Destruction of Judean Fortress Portrayed in Dramatic Eighth-Century B.C. Pictures
Stunning new book assembles evidence of the conquest of Lachish

By Hershel Shanks

In the late eighth century B.C., Lachish was the second most important city in the kingdom of Judah. Only Jerusalem surpassed it.

At that time, Assyria had risen to unprecedented power, dominating the known world. On the eve of Sennacherib's accession to the Assyrian throne in 705 B.C., the Assyrian empire extended from Elam and Babylonia on the south, to Anatolia on the north, and to the Mediterranean Sea and the border of Egypt on the west.

Each year the Assyrians expanded their kingdom by a military expedition, often commanded by the king himself. Toward the end of the eighth century, the Assyrians began deporting subjugated peoples in order to blur their national identities. Assyrian domination of the Land of Israel–then composed of the kingdom of Israel in the north and the kingdom of Judah in the south–proceeded step by step. By 732 B.C., Assyria had annexed the northern part of the kingdom of Israel. In 721/720 B.C., Assyria conquered the city of Samaria, the capital of the northern kingdom, and annexed the rest of the kingdom of Israel, bringing a permanent end to its existence. The kingdom of Judah in the south would in all probability be the next target.

Soon after Sennacherib ascended the throne in 705 B.C., an anti-Assyrian alliance was formed by Egypt, the Philistine cities of the coastal plain and Judah, hoping to take advantage of the temporary weakness attendant on a change of monarchs. Judah at that time was ruled by one of the most prominent kings of the House of David, King Hezekiah. By the time Sennacherib was ready for his third annual campaign–in 701 B.C.–he was able to direct his attention to the defiance of these three powers.

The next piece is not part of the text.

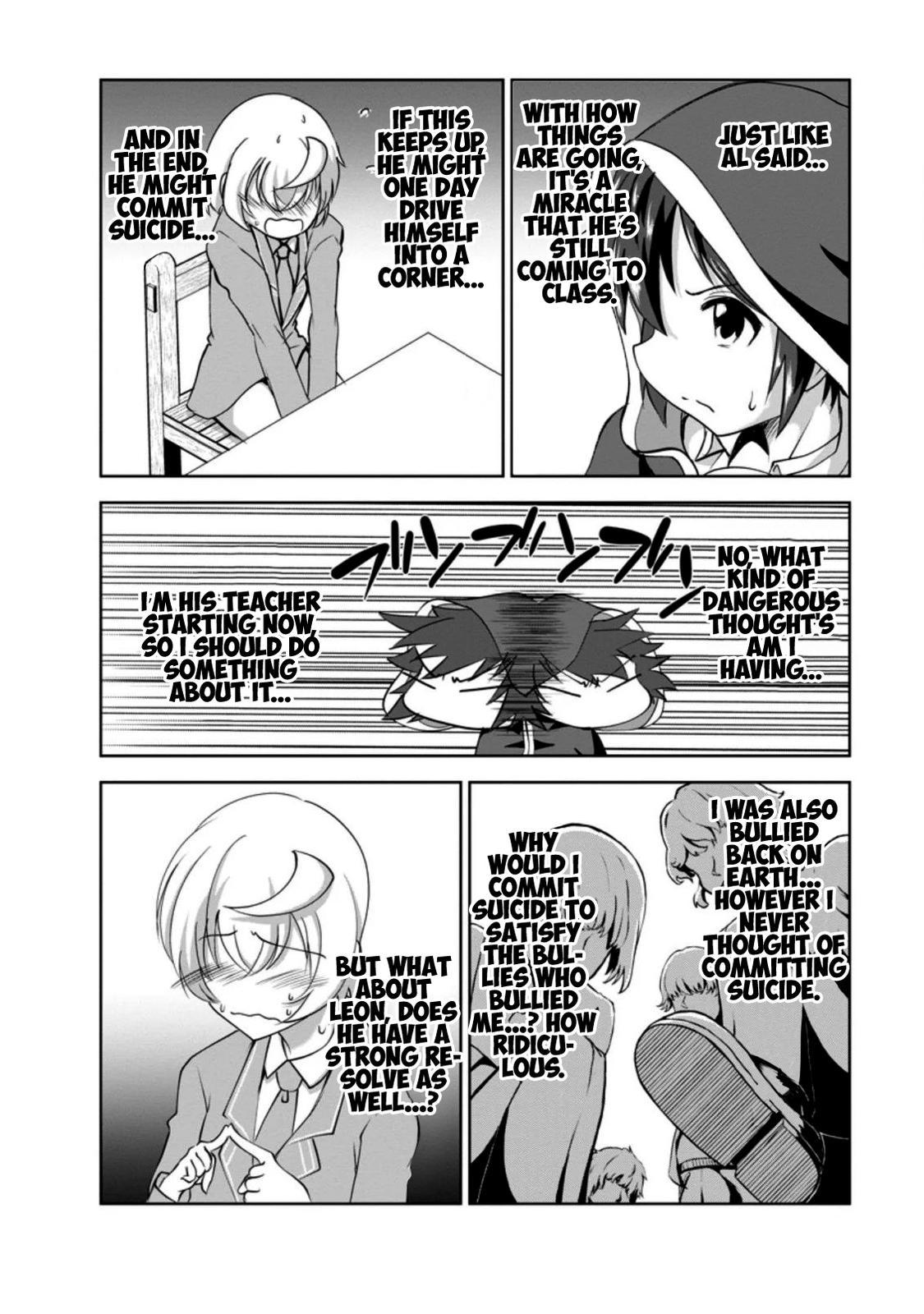 Read The Seed of Evolution ~Before I knew it I was one of the champions~ Manga Online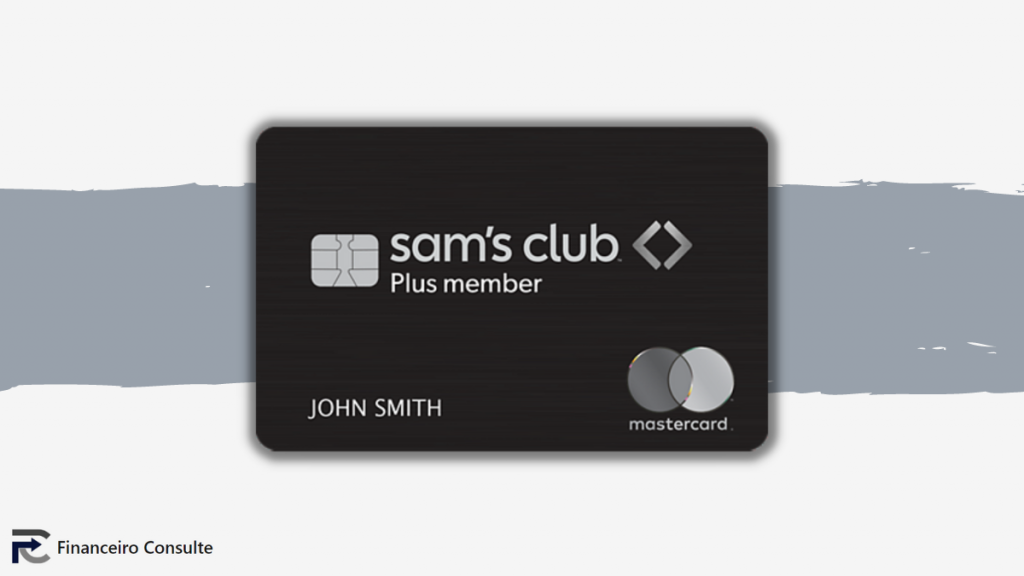Sam’s Club Credit Plus Member Mastercard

Many details of Sennacherib's third campaign remain unclear, but two things are certain: although he laid siege to Jerusalem, for some reason or other, he was unable to conquer it; as a result, Judah remained a nation-state for more than a century afterward–until the Babylonians, who had destroyed the Assyrian empire, conquered Jerusalem in 587 B.C. Second, in his third campaign of 701 B.C., Sennacherib devastated much of Judah and utterly destroyed its second most important city, Lachish. As a result, King Hezekiah paid enormous tribute to Sennacherib, and Judah became to a large extent an Assyrian vassal state

The destruction of Lachish is important not only historically, but also because it is uniquely documented. For no other ancient event of comparable significance is so much, and so many different kinds of, source material available. The events surrounding the conquest of Lachish, the destruction of the city and the deportation of its inhabitants are documented (or evidenced) in at least four independent contemporary sources: (1) in the Bible; (2) in Assyrian cuneiform accounts of the same events; (3) in archaeological excavations at the site of Lachish; and (4) remarkably, in monumental pictorial reliefs uncovered at Sennacherib's palace at Nineveh.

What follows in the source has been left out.